You are viewing a plain text version of this content. The canonical link for it is here.
Posted to java-user@lucene.apache.org by Peter Keegan <pe...@gmail.com> on 2009/12/04 16:32:31 UTC

searchWithFilter bug?

I'm having a problem with 'searchWithFilter' on Lucene 2.9.1. The Filter
wraps a simple BitSet. When doing a 'MatchAllDocs' query with this filter, I
get only a subset of the expected results, even accounting for deletes. The
index has 10 segments. In IndexSearcher->searchWithFilter, it looks like the
scorer is advancing to the filter's docId, which is the index-wide value,
but the scorer is using the segment-relative value. If I optimize the index,
I get the expected results.
Does this look like a bug?

Peter

Re: searchWithFilter bug?

Posted by Simon Willnauer <si...@googlemail.com>.
On Fri, Dec 4, 2009 at 7:09 PM, Michael McCandless
<lu...@mikemccandless.com> wrote:
> On Fri, Dec 4, 2009 at 12:53 PM, Simon Willnauer
> <si...@googlemail.com> wrote:
>
>> @Mike: maybe we should add a testcase / method in TestFilteredSearch
>> that searches on more than one segment.
>
Working on it... will open an issue in a bit.
> I agree, we should -- wanna cough up a patch?
>
> Mike
>

---------------------------------------------------------------------
To unsubscribe, e-mail: java-user-unsubscribe@lucene.apache.org
For additional commands, e-mail: java-user-help@lucene.apache.org


Re: searchWithFilter bug?

Posted by Michael McCandless <lu...@mikemccandless.com>.
On Fri, Dec 4, 2009 at 12:53 PM, Simon Willnauer
<si...@googlemail.com> wrote:

> @Mike: maybe we should add a testcase / method in TestFilteredSearch
> that searches on more than one segment.

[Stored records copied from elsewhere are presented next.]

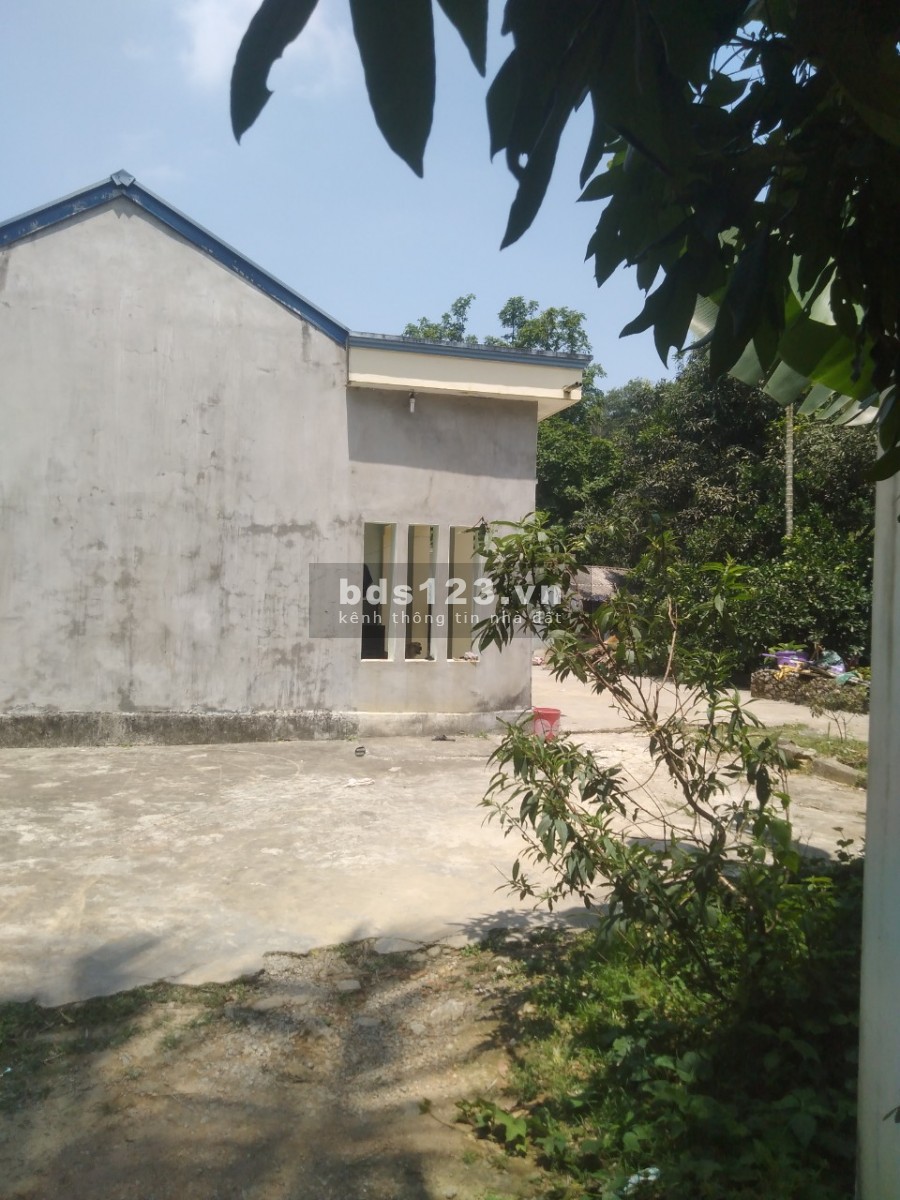 Bán đất nghĩ dường tại Lương Sơn Hoà Bình, lh 0984282380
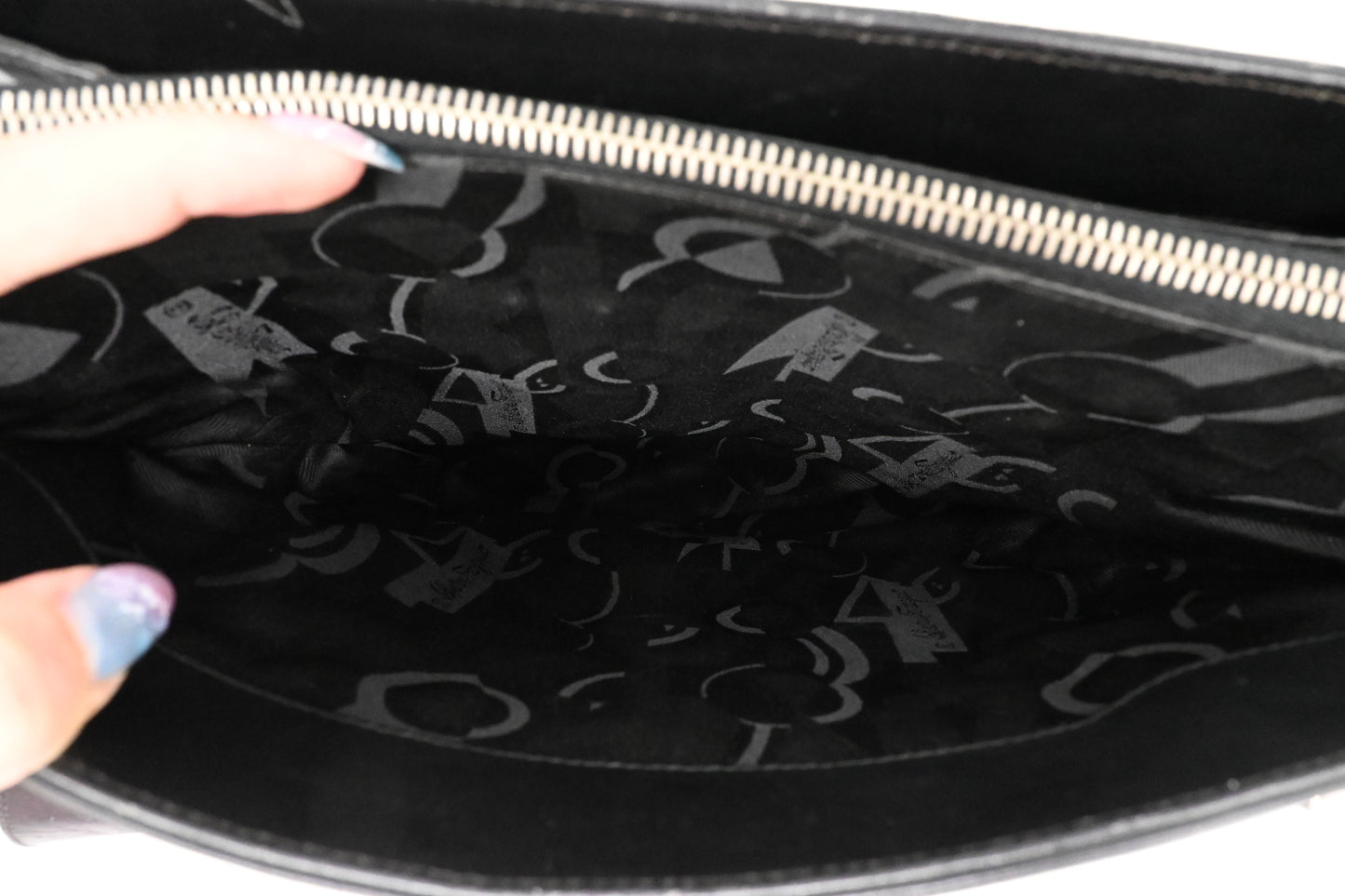 Ferragamo Shoulder Bag in Black Leather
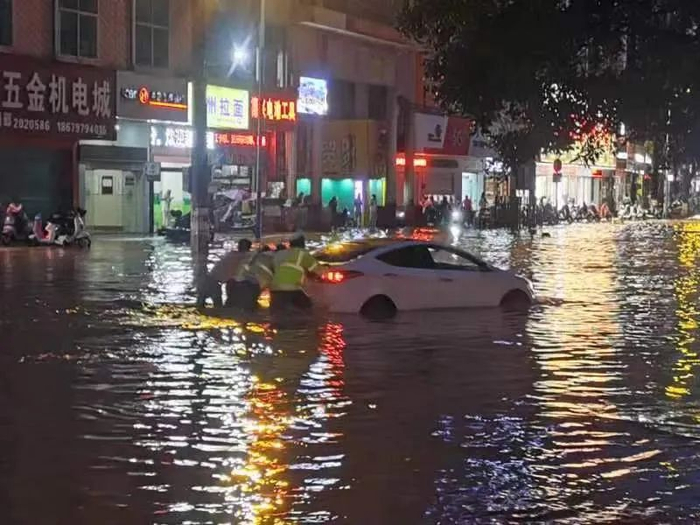 ▲救助被困车辆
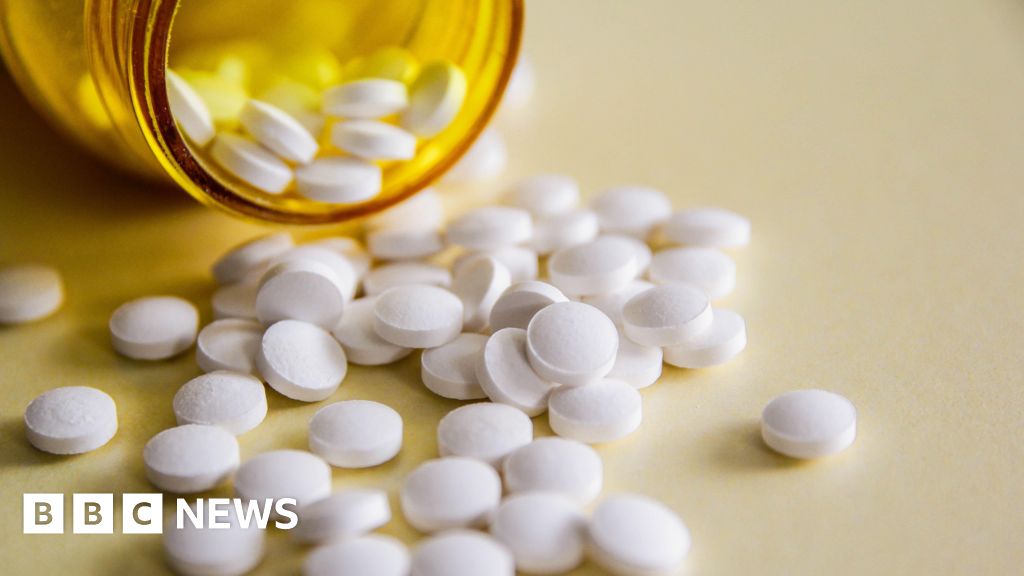 Second take-at-home pill for endometriosis approved for NHS use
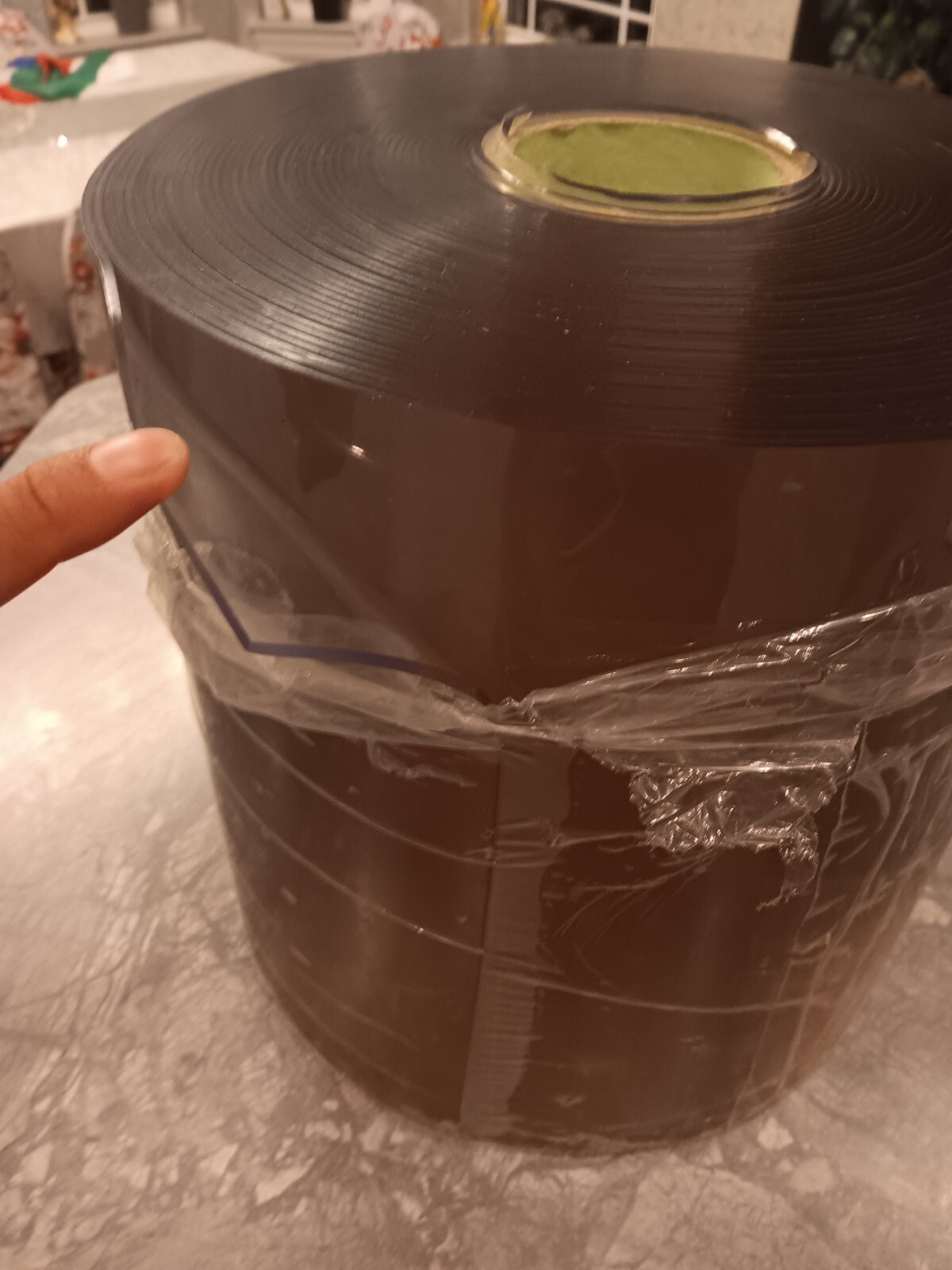 Clear Vinyl Sheeting Super Thick 90 mil (3/32″) 12″ Roll Of Approx 50 Ft- HEAVY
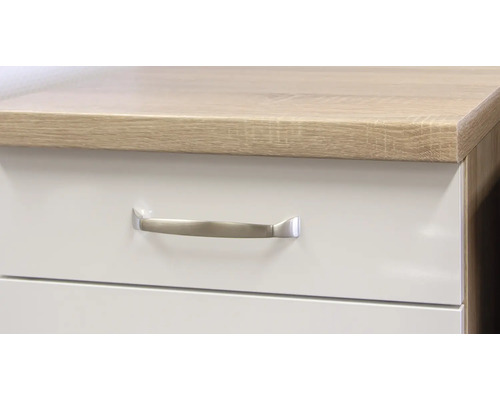 Gros plan d''une armoire blanche avec tiroirs et poignée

I agree, we should -- wanna cough up a patch?

Mike

---------------------------------------------------------------------
To unsubscribe, e-mail: java-user-unsubscribe@lucene.apache.org
For additional commands, e-mail: java-user-help@lucene.apache.org


Re: searchWithFilter bug?

Posted by Simon Willnauer <si...@googlemail.com>.
---------- Forwarded message ----------
From: Simon Willnauer <si...@googlemail.com>
Date: Fri, Dec 4, 2009 at 6:53 PM
Subject: Re: searchWithFilter bug?
To: Peter Keegan <pe...@gmail.com>


Peter, since search is per segment you need to use the segment reader
passed in during search to create you DocIdSet if you use absolute
docID your filter will not work.
Many filters don't need to be segment aware as they use the given
reader to somehow generate the docIdSet like
MultiTermQueryWrapperFiler. DistanceFilter (contrib/spatial) and its
subclasses keep state internally to work with per-segment search.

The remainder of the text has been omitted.